__Aim of the exercise__. Print exactly the lines of the listing below from the one containing "Heart Lock T-Shirt - Express Your Love!" through the final line, both included, and no pictures.

__Supplied material__.

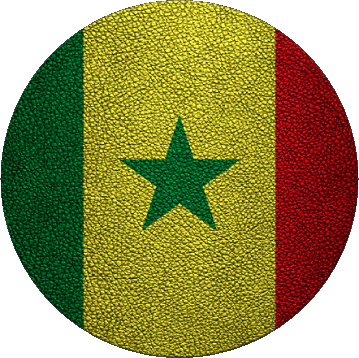 Tondo Senegal Africa Bandiere 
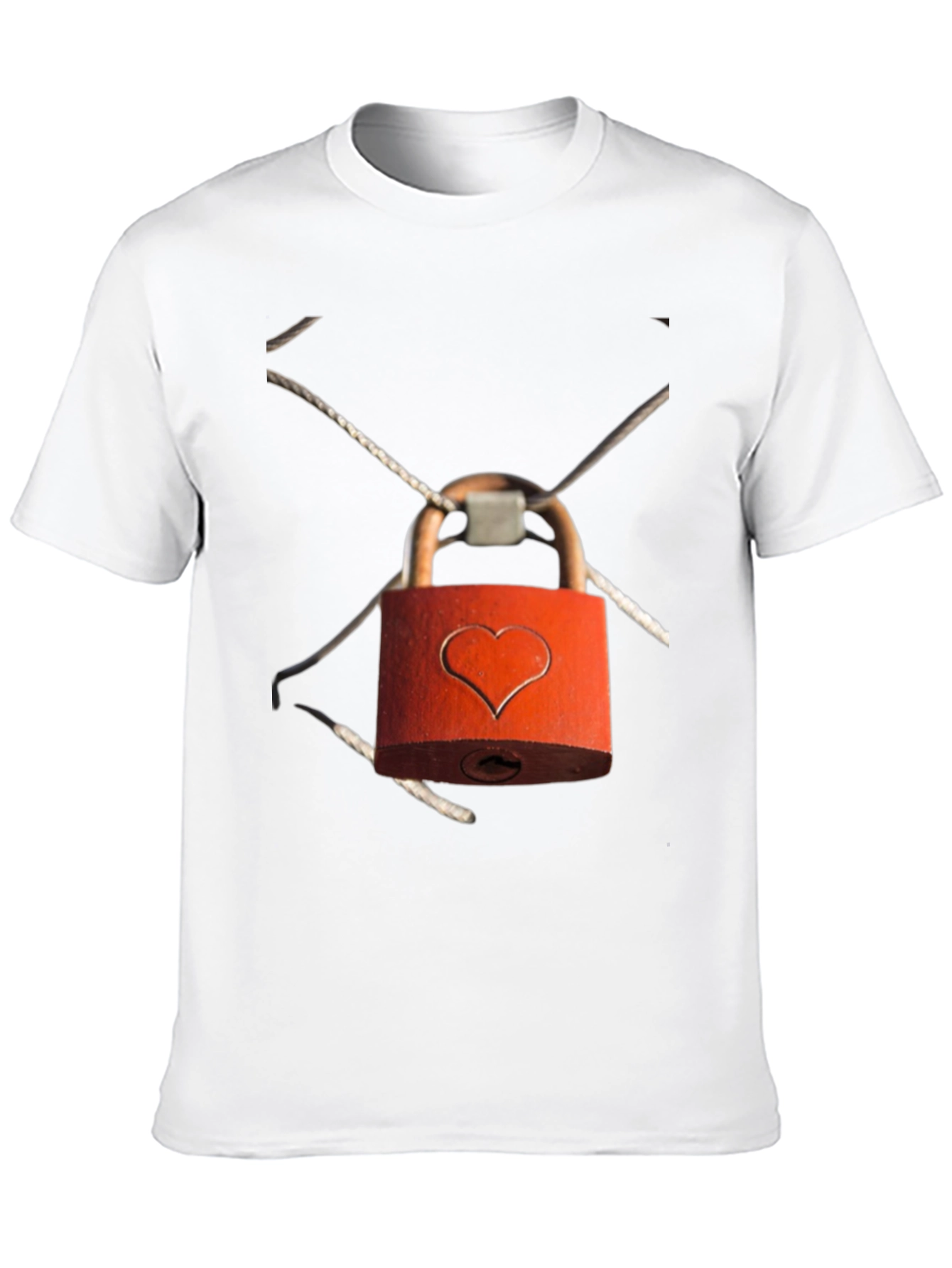 Heart Lock T-Shirt - Express Your Love!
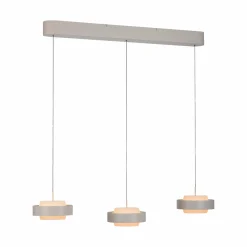 SCHÖNER WOHNEN LED-Pendelleuchte 3flg beige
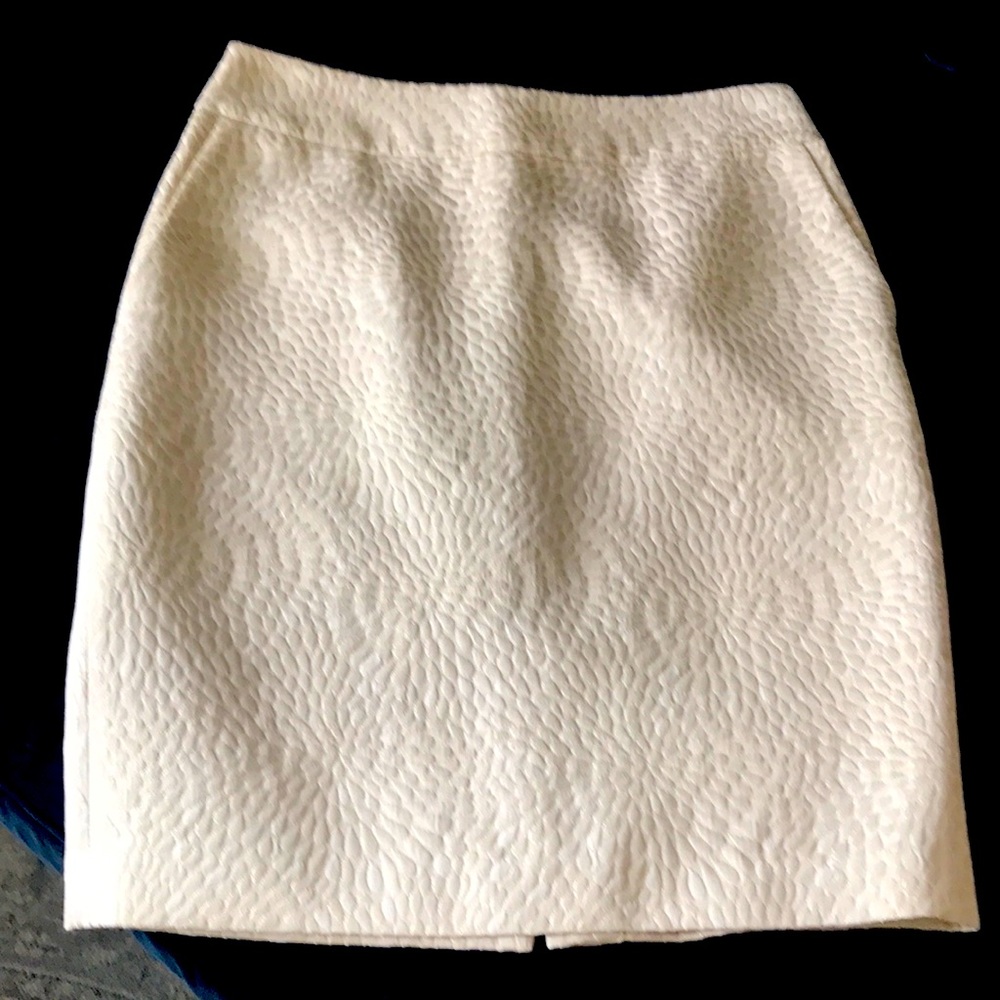 Ann Taylor LOFT metallic pencil skirt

__Task output__.
 Heart Lock T-Shirt - Express Your Love!
 SCHÖNER WOHNEN LED-Pendelleuchte 3flg beige
 Ann Taylor LOFT metallic pencil skirt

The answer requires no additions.